In Hamburg wird an einem Kurden vor Gericht ein zweifelhafter Terrorbegriff exerziert

  • Martin Dolzer, Hamburg
  • Lesedauer: 3 Min.
In Hamburg hat zu Wochenbeginn das Verfahren gegen den kurdischen Politiker Ali Ihsan Kitay begonnen, das als Musterprozess für weitere ähnliche Anklagefälle gelten kann.

Eine konkrete Straftat wird Ali Ihsan Kitay nicht vorgeworfen. Trotzdem muss der in Deutschland anerkannte Flüchtling damit rechnen, dass das Verfahren, das am Montag vor dem Oberlandesgericht (OLG) in Hamburg begann und vorerst auf 30 Prozesstage bis zum Dezember 2012 terminiert ist, für ihn mit einer Freiheitsstrafe endet. Dieses Paradoxon erklärt sich aus der Konstruktion des Paragrafen 129 b Strafgesetzbuch, dessen Verletzung Kitay vorgeworfen wird. Erst 2002, nach den Anschlägen auf das World Trade Center in New York eingeführt, erklärt der Paragraf die Unterstützung oder Mitgliedschaft in einer Vereinigung im Ausland zur Straftat, wenn diese dort als terroristisch eingestuft wird. Voraussetzung ist eine entsprechende Ermächtigung durch das Bundesministerium für Justiz (BMJ).

Seit Oktober 2011 sitzt der 47 Jahre alte Ali Ihsan Kitay in Untersuchungs-, die meiste Zeit in Isolationshaft. Kitay habe von 2007 bis 2008 in Norddeutschland als Kader der PKK die Region Hamburg geleitet und sich auch an Aktionen der Organisation im Nordirak beteiligt, so die Bundesanwaltschaft.

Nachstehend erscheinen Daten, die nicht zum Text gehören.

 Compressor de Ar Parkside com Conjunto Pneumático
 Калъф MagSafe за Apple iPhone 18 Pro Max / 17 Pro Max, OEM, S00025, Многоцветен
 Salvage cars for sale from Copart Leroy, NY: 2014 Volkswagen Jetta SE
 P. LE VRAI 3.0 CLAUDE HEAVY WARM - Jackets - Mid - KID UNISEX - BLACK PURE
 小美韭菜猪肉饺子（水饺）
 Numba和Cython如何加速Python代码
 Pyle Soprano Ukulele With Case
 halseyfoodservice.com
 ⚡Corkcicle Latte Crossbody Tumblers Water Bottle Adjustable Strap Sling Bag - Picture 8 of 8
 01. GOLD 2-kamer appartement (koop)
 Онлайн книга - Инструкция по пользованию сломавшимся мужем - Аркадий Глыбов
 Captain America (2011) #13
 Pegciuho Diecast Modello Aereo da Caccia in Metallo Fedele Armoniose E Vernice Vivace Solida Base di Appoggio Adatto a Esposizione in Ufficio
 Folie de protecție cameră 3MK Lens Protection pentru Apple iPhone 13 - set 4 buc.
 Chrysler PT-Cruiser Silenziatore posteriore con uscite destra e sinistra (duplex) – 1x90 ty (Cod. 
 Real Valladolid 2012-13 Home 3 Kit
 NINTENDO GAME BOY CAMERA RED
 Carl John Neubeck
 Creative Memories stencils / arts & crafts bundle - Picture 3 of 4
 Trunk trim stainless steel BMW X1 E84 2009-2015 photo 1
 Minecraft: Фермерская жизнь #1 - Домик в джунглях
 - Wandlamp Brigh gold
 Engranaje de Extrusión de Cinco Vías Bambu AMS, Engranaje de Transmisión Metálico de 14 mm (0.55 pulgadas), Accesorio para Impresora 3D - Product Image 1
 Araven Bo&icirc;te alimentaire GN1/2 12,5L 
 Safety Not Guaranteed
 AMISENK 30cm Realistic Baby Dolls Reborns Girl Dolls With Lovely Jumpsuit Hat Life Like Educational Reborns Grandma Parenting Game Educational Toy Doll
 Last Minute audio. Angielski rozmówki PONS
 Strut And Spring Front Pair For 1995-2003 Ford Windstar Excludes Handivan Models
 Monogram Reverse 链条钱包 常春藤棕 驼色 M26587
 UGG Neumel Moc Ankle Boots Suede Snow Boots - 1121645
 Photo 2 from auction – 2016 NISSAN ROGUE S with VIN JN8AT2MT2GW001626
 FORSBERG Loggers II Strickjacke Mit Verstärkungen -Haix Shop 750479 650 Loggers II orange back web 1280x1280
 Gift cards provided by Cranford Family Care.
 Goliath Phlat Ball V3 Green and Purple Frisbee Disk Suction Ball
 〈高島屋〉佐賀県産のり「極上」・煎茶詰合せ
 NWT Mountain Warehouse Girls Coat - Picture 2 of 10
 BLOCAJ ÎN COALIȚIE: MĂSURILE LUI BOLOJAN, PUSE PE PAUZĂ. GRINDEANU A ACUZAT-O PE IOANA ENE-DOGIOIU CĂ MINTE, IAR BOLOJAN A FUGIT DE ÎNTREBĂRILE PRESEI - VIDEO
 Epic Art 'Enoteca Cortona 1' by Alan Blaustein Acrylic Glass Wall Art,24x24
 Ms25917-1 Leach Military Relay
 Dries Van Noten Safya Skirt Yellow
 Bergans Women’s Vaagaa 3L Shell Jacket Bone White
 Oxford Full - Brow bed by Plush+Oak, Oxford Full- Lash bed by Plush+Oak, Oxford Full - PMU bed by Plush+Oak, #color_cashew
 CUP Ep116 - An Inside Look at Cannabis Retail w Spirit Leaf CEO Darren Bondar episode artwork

Als 1994 in einem groß angelegten Prozess 19 vermeintliche Mitglieder der Kurdischen Arbeiterpartei PKK vor dem OLG Düsseldorf angeklagt und zum Teil verurteilt wurden, war noch eine breite Solidarisierung mit den Angeklagten die Folge. Der damalige Generalbundesanwalt Rebmann fuhr schweres Geschütz auf und erklärte die PKK vor dem Verfahren zum »Hauptfeind der inneren Sicherheit«. Gleichwohl: Der Prozess wurde von internationaler Kritik an der menschenrechtswidrigen Verfahrensführung sowie an den Menschenrechtsverletzungen in der Türkei begleitet. Der Versuch, die PKK gemäß Paragraf 129 a als terroristisch zu definieren, scheiterte daran, dass der PKK in der Bundesrepublik keine terroristischen Handlungen vorzuwerfen waren. Von 1997 bis heute wurden vermeintliche PKK-Mitglieder deshalb nach dem Vereinsgesetz oder Paragraf 129 (Mitgliedschaft oder Unterstützung einer kriminellen Vereinigung) verurteilt. Mit der Schaffung des Paragrafen 129 b ist nun eine Anklage auch wegen angeblicher Straftaten im Ausland möglich.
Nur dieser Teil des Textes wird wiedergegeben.